Bagaimana bentuk puasanya? Menurut paham Katolik puasa berarti makan kenyang satu kali sehari (dalam waktu 24 jam) dan dua kali sedikit. Minum air tidak termasuk soal puasa. Namun saat sekarang ini lebih ditekankan makan kenyang satu kali sehari.

Selain berpuasa, Gereja juga mempunyai kebiasaan berpantang. Pantang dilakukan setiap Jumat sepanjang tahun, kecuali jika hari Jumat itu bertepatan dengan hari raya gerejawi (lihat KHK 1251). Kecuali itu Gereja juga menetapkan pantang selama satu jam sebelum kita menyambut Sakramen Mahakudus.


Arti puasa bagi umat Katolik adalah sebagai berikut:

· Secara kejiwaan, berpuasa memurnikan hati orang dan mempermudah pemusatan perhatian waktu bersemadi dan berdoa.
· Puasa juga dapat merupakan korban atau persembahan.
· Puasa pantas disebut doa dengan tubuh, karena dengan berpuasa orang menata hidup dan tingkah laku rohaninya.
· Dengan berpuasa, orang mengungkapkan rasa lapar akan Tuhan dan kehendak-Nya. Ia mengorbankan kesenangan dan keuntungan sesaat, dengan penuh syukur atas kelimpahan karunia Tuhan. Demikian, orang mengurangi keserakahan dan mewujudkan penyesalan atas dosa-dosanya di masa lampau.
· Dengan berpuasa, orang menemukan diri yang sebenarnya untuk membangun pribadi yang selaras. Puasa membebaskan diri dari ketergantungan jasmani dan ketidakseimbangan emosi. Puasa membantu orang untuk mengarahkan diri kepada sesama dan kepada Tuhan.

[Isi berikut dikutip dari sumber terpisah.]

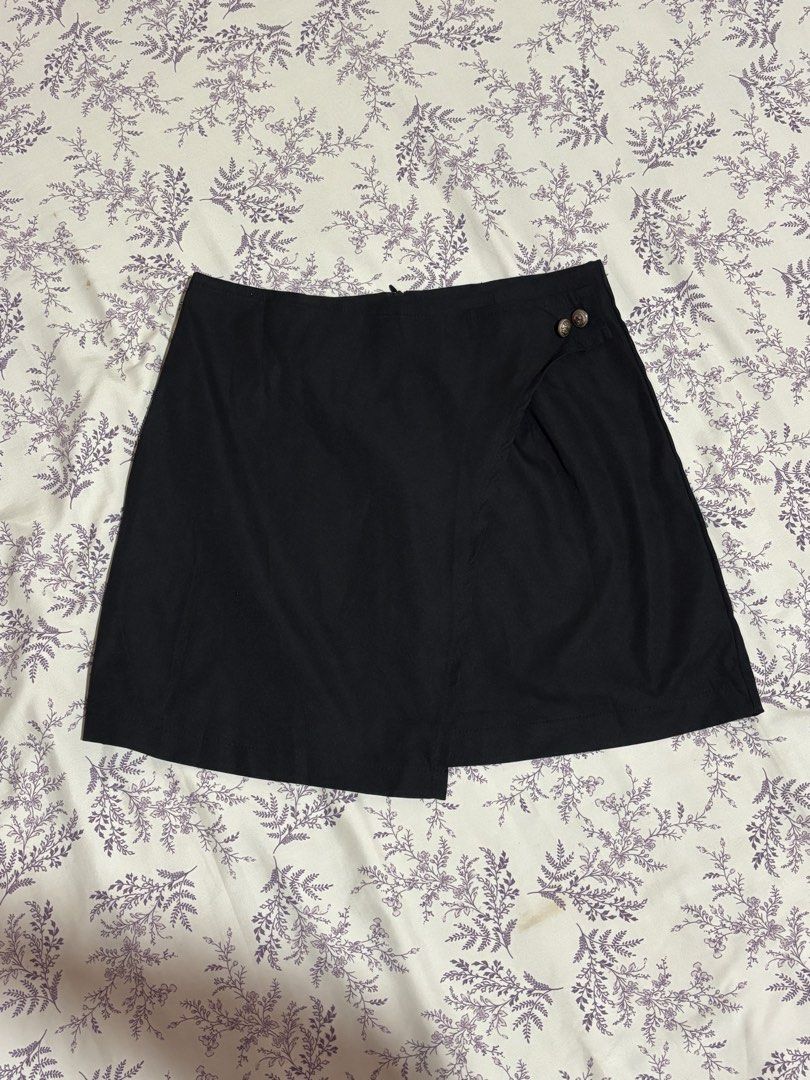 MINI SKIRT (Category: Skirts) located in Iba. Submitted by byshannenkeith (Listing ID 1460887411, Image 1). Description: SIZE MEDIUM 26-27 MESSAGE ME FOR “when worn” photos.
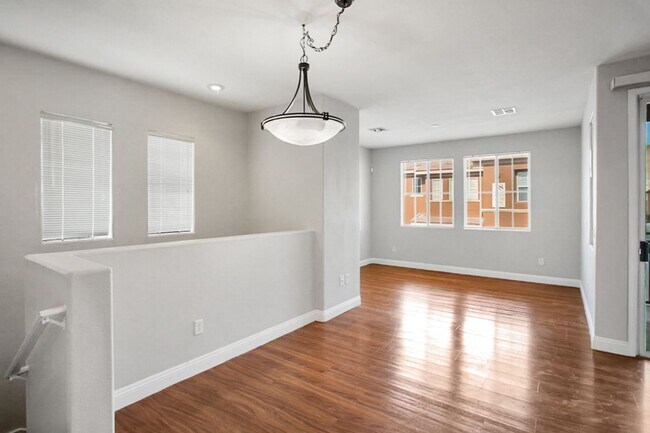 Building Photo - 2 Bed, Den, 1 Car Garage, Gated Northwest Condo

Itulah sebabnya, puasa Katolik selalu terlaksana bersamaan dengan doa dan derma, yang terwujud dalam Aksi Puasa Pembangunan. Semangat yang sama berlaku pula untuk laku pantang. Yang bukan semangat puasa dan pantang Katolik adalah:

· Berpuasa dan berpantang sekedar untuk kesehatan: diet, mengurangi makan dan minum atau makanan dan minuman tertentu untuk mencegah atau mengatasi penyakit tertentu.
· Berpuasa dan berpantang untuk memperoleh kesaktian baik itu tubuh maupun rohani.


Pada hari-hari puasa dan pantang, umat Katolik diharapkan dapat meluangkan lebih banyak waktu dan perhatian untuk berdoa, beribadat, melaksanakan olah tobat dan karya amal (lihat KHK 1249).